Ağlara takılmış yani ölmüş hamsinin sırtı yeşil mavidir; bayatlamaya başlayınca bu renk siyah olmaya başlar. Çünkü balık hassas bir konu; hamsi ise balıklar içinde en hassas, en narin olanlardan biri. Karadeniz'in hırçınlığına nazire yaparcasına tutkuyla o sularda yaşayan hamsi, Karadenizli'nin de hayatının can damarı. Bu bölgede taze olarak tüketildiği gibi tuzlaması, turşusu, salamurası ve ezmesi yapılır. Kültürüyle özdeşleştiği bölgenin sınırlarının dışında da dört gözle beklenen hamsi ilkçağlardan itibaren sofralara konuk olmuş. Bizans mutfağının en çok sevilen soslarından biri olan 'Garum'un ana malzemesi hamsi.
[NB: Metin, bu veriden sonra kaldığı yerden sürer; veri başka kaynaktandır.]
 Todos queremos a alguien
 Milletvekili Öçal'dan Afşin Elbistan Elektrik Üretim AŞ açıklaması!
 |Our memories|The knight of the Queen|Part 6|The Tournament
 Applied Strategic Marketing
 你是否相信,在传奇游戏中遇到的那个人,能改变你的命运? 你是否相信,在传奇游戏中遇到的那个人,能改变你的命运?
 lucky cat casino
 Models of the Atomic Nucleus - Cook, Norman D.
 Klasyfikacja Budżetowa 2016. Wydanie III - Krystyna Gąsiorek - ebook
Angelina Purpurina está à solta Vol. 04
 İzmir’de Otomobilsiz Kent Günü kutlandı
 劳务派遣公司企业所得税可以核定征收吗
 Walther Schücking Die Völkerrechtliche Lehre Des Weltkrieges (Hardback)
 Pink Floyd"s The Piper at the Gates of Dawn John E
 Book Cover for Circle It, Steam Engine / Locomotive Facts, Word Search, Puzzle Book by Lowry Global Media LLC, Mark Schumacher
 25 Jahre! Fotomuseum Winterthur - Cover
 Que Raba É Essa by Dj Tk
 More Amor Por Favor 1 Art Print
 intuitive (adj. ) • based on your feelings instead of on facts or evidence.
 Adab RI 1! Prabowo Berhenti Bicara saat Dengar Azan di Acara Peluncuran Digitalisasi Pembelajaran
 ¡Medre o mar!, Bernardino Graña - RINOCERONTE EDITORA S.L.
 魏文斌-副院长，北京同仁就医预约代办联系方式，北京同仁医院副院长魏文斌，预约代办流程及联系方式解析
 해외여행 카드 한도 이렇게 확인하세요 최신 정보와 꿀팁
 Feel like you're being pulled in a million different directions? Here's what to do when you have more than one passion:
A, B ve D vitaminleri zengin olan hamside bol bol iyot, magnezyum, sodyum, kalsiyum, fosfor ve demir de var. Omega 3 ve Omega 6'yı da işin içine katarsak yemek adeta bir zorunluluk oluyor. Tavası, yahnisi, pilavı, ekmeğiyle ülkenin daha çok kuzeyiyle anılan bu tarifler hamsinin yararları göz önüne alınırsa hemen her yerde yapılmalı. Ama ilk koşul sağlam bir soğuk zincirle dağıtımının en kısa sürede ve doğru bir şekilde yapılabilmesi. Ki, tadını beğenenler yemeklerini hazırlayabilsinler.
Hamsinin av mavsimi ekim sonundan mart ayının sonuna kadardır. Bu dönemde ızgarası ve yemekleri enfes olur. Büyüklüklerine göre ince hamsi, tombul hamsi ve iri hamsi (nam-ı diğer çatalkuyruk) isimlerini alır.